Мулин и Клюев молчали. Гольдштейн попытался что-то сказать, но Забаштанский не слушал, набычился, уставился на меня.
– Вот-вот, это опять ваши штучки… фрицам кило хлеба…
– Это не я придумал. Нормы устанавливало правительство, а товарищ Сталин знает, что делает.
Он побагровел, губы дрожали, говорил же почти шепотом:
– Не смейте поганить имя вождя своей трепней… Я не позволю…
– Это вы не смейте оскорблять меня. Что значит поганить? Ложь поганит. Вы лжете, а я говорю правду.
Он вскочил и крикнул хрипло:
– Прекратить разговор!… Я приказываю.
Все встали. Мулин, Клюев и Гольдштейн обступили меня.
– Что ты… Брось… Ну зачем горячиться?… Товарищи, что же это такое…
Забаштанский неожиданно мягким и жалобным голосом:
– Не можу я спокойно говорить за такие вещи… Эта война, будь она проклята… Не хочу, понимаешь, не хочу, чтоб моим сынам еще раз воевать…
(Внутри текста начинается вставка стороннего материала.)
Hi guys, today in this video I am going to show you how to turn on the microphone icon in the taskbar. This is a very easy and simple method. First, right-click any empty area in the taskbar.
– Правильно. Никто не хочет… значит, необходимо так действовать, чтоб не было почвы для новой войны… А вы говорите «на каторгу… без политработы…» Это же как раз наоборот.
– Ладно, хватит… Мы же все знаем, что тебя не переговоришь. Давайте, печатайте.
Прошло еще два дня. Мы срочно готовили в школе очередную группу антифашистов для заброски в немецкий тыл. Меня вызвал секретарь парторганизации политуправления Антоненко.
Когда-то он, видимо, был первым парнем в ячейке, запевала и заводила, чубатый, кареглазый любимец девчат. В армии постепенно обстругивался и обкатывался. Однажды, разговорившись с ним, я узнал, что мы служили в 1934 году в одной части в Мариуполе, в 337 стрелковом полку 80-й дивизии Донбасса. Он был политруком кадровой роты, а я рядовым студенческого батальона.
– Да, а теперь, видишь, оба майоры.
В подголосье прозвучала на миг та неприязнь, которую испытывали многие кадровые политработники в первые дни войны к запасникам. Тогда и кадровые бойцы часто плохо относились к новобранцам. В августе 41-го танкисты у Новгорода с ненавистью говорили:
– У, Микита-приписник… Иисусово войско… Через них мы и Порхов и Дно отдали… и наши машины пожгли… Мы вперед, немец тикает, а Микита-приписник лежит жопой кверху, в травку носом, и хоть стреляй его… А как немцы нажмут, у нас ни горючего, ни боеприпасов. И пехоты нет… Жгем машины, аж плачем, а жгем… Идем назад, отбиваемся. А они как встанут лапы кверху. И в плен подаются. Через них и Новгород отдали.